Também nos últimos tempos e com o mesmo argumento de não ser necessário
qualquer alteração de tratados surgiu a partir de um grupo de economistas e
cientistas políticos a ideia de democratização da zona Euro, com a constituição
de um Parlamento do Euro com deputados dos parlamentos nacionais e do Parlamento
Europeu (veja-se aqui um post de Piketty sobre o assunto e aqui o próprio texto
da proposta).
O Livro Branco da Comissão Europeia sobre os cenários do futuro da União
pode incluir-se nesta torrente, o que pode ser entendido como uma evidência de
que as ideias não escasseiam.
Mas então por que razão tudo isto não nos galvaniza?

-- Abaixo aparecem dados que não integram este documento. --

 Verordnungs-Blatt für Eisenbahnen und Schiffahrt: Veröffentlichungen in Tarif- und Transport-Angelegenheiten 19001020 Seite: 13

Em meu modesto entender, o entusiasmo esmorece quando começamos a pensar
nas bases políticas nacionais e europeias que podem protagonizar a aplicação
deste pensamento. É verdade que a Declaração de Roma de hoje é assinada por 27
países. Podemos pensar que as assinaturas ainda valem alguma coisa e que tais
assinaturas representam governos que são suportadas por forças políticas. Podemos
também pensar que o caminho para o precipício iniciado pelos surtos populistas
na Europa está relativamente contido e que a incerteza mundial é demasiada para
não influenciar negativamente pretensões de abandono da causa e das regras
europeias.
Continuo a pensar que sobretudo para uma economia pequena, indefesa e frágil
como a nossa, apesar da valia da diáspora e da resiliência histórica que nos
caracteriza, a indeterminação, volatilidade e perigosidade da situação e da
economia mundial de hoje trazem para o debate uma dimensão política que é ignorada,
por exemplo, pelos defensores em Portugal da saída do Euro. Por muita
incomodidade que resulta de o dizer, acho que os poucos e manifestos defensores
dessa posição veiculam uma posição de grande ingenuidade política. Pelo menos,
não os queria a governar este país. Não concebo neste momento que possa dissociar-se
os argumentos económicos e os políticos quando se discute a nossa posição face
ao futuro da União. O que não significa que me interrogue seriamente sobre as
mediações políticas necessárias para transformar o pensamento da elite das
declarações e das tomadas de posição em estratégias de governação europeia que rompam
o vazio de relacionamento com a cidadania europeia. Será a ameaça dos perigos externos
que o pode conseguir? Também entendo que não valerá a pena esperar por
personalidades políticas com a envergadura dos tais poucos que sonharam para
que muitos pudessem transformar esse sonho em esperança. Os tempos são de pequenas
vitórias. De aceitar que um conjunto de forças políticas de qualidade mediana,
juntas, travem a extrema-direita na Holanda como aconteceu. De esperar que um Emmanuel
Macron possa estancar a subida da Frente Nacional. Que o futuro resultado eleitoral
de Martin Schulz possa permitir empandeirar o ministro Schäuble. Que alguém de
mediana confiança possa conter o Grillo italiano na sua toca. E outras do tipo.